# How do you find the limit of  (x^2+2x-1)/(3+3x^2) as x approaches oo?

Apr 27, 2016

${\lim}_{x \to \infty} \frac{{x}^{2} + 2 x - 1}{3 {x}^{2} + 3} = \frac{1}{3}$

#### Explanation:

When finding the limit as $x \to \infty$ of the ratio of polynomials in $x$, dividing by ${x}^{n}$, where $n$ is the greater of the degrees of the polynomials, allows for directly evaluating the limit.

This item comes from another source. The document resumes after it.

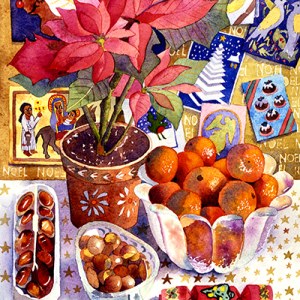 AR DLE0053 christmas still life-Diana Leadbetter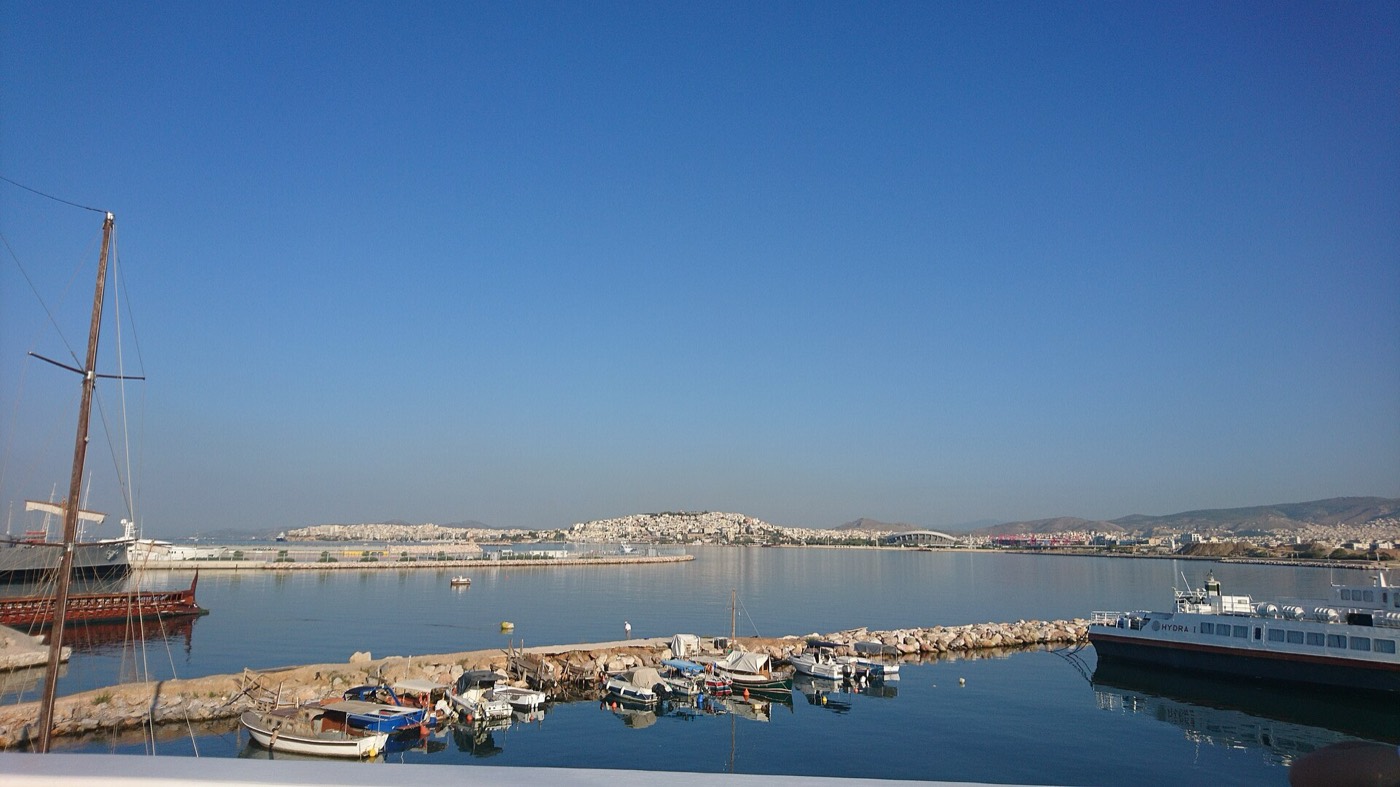 A sailing boat moored in the harbour at Piraeus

${\lim}_{x \to \infty} \frac{{x}^{2} + 2 x - 1}{3 {x}^{2} + 3} = {\lim}_{x \to \infty} \frac{\frac{{x}^{2} + 2 x - 1}{x} ^ 2}{\frac{3 {x}^{2} + 3}{x} ^ 2}$

$= {\lim}_{x \to \infty} \frac{1 + \frac{2}{x} - \frac{1}{x} ^ 2}{3 + \frac{3}{x} ^ 2}$

$= \frac{1 + \frac{2}{\infty} - \frac{1}{\infty}}{3 + \frac{3}{\infty}}$

$= \frac{1 + 0 + 0}{3 + 0}$

$= \frac{1}{3}$

Note that with the degrees of the polynomials being equal, we have the result as the ratio of the coefficients of the first terms in the polynomial. This makes sense as when $x$ grows large, the contribution of the terms with lesser powers becomes negligible compared to the first term.